- Opening Delimiter -

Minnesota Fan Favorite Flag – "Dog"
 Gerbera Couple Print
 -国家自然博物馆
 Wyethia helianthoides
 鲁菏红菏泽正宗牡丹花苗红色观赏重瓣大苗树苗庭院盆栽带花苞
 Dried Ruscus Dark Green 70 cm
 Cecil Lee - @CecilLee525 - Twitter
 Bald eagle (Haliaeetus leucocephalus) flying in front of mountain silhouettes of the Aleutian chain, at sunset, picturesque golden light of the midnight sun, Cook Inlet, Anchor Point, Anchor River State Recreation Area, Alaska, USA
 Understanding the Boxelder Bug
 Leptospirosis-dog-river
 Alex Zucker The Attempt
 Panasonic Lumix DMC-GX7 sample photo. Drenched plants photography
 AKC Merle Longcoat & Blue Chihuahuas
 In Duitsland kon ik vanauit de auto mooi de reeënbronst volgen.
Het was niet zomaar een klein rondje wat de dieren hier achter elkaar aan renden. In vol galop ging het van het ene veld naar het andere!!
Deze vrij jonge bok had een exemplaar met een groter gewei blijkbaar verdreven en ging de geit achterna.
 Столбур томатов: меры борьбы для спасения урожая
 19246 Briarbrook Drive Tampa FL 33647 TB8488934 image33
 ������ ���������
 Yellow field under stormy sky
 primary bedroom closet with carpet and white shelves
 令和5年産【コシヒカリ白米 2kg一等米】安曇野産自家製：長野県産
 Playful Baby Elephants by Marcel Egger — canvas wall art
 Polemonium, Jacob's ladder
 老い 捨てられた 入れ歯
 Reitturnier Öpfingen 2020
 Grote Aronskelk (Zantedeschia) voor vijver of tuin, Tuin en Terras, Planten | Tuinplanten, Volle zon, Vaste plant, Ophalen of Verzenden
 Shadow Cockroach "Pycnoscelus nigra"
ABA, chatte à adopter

- Closing Delimiter -

Every entry above should come back exactly as written.

→ **Solution to the problem**
Minnesota Fan Favorite Flag – "Dog"
 Gerbera Couple Print
 -国家自然博物馆
 Wyethia helianthoides
 鲁菏红菏泽正宗牡丹花苗红色观赏重瓣大苗树苗庭院盆栽带花苞
 Dried Ruscus Dark Green 70 cm
 Cecil Lee - @CecilLee525 - Twitter
 Bald eagle (Haliaeetus leucocephalus) flying in front of mountain silhouettes of the Aleutian chain, at sunset, picturesque golden light of the midnight sun, Cook Inlet, Anchor Point, Anchor River State Recreation Area, Alaska, USA
 Understanding the Boxelder Bug
 Leptospirosis-dog-river
 Alex Zucker The Attempt
 Panasonic Lumix DMC-GX7 sample photo. Drenched plants photography
 AKC Merle Longcoat & Blue Chihuahuas
 In Duitsland kon ik vanauit de auto mooi de reeënbronst volgen.
Het was niet zomaar een klein rondje wat de dieren hier achter elkaar aan renden. In vol galop ging het van het ene veld naar het andere!!
Deze vrij jonge bok had een exemplaar met een groter gewei blijkbaar verdreven en ging de geit achterna.
 Столбур томатов: меры борьбы для спасения урожая
 19246 Briarbrook Drive Tampa FL 33647 TB8488934 image33
 ������ ���������
 Yellow field under stormy sky
 primary bedroom closet with carpet and white shelves
 令和5年産【コシヒカリ白米 2kg一等米】安曇野産自家製：長野県産
 Playful Baby Elephants by Marcel Egger — canvas wall art
 Polemonium, Jacob's ladder
 老い 捨てられた 入れ歯
 Reitturnier Öpfingen 2020
 Grote Aronskelk (Zantedeschia) voor vijver of tuin, Tuin en Terras, Planten | Tuinplanten, Volle zon, Vaste plant, Ophalen of Verzenden
 Shadow Cockroach "Pycnoscelus nigra"
ABA, chatte à adopter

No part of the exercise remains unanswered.